More Americans are in favor of making Juneteenth a national holiday than not, according to a new poll released by Gallup on Tuesday.
According to the poll, nearly 35 percent of Americans believe that Juneteenth should become a federal holiday while only about 25 percent are against it. Forty percent of Americans are undecided on the matter.
Juneteenth, celebrated on June 19, commemorates the abolishment of slavery. The date refers not to the end of legal slavery in the United States, but to the time when enslaved people in Texas — some of the last to hear the news — learned of their freedom
Sixty-nine percent of Black adults said that they supported the day becoming a federal holiday, according to the survey. About 39 percent of Hispanic adults agreed that Juneteenth should be a federal holiday while almost 27 percent of white adults agreed.

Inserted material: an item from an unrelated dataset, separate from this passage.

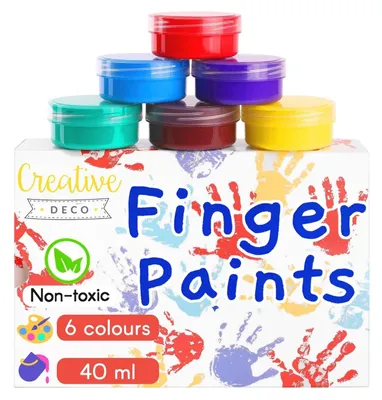 Productafbeelding van Creative Deco Vinger-verven Poster-Verf, 6x40 ml Kopjes, Intense Kleuren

Democrats were more in favor of making Juneteenth a national holiday — 57 percent of Democratic participants said that the day should be a federal holiday. Thirty percent independents agreed that the day should be recognized as a federal holiday, while 7 percent of Republicans said the same.
Young people were also in favor of recognizing the day nationally. Fifty-two percent of 18- to 34-year-olds agreed that Juneteenth should be a federal holiday.
Americans aged 55 and older were less likely to agree that the holiday should be recognized — 18 percent of those in the demographic said they would be in favor of the change. Thirty-seven percent of Americans polled between the ages of 35 and 54 agreed that Juneteenth should be a national holiday.
The poll was conducted May 18-23 among a random sample of 3,572 adults, aged 18 and older. It had a margin of error of 2 percentage points.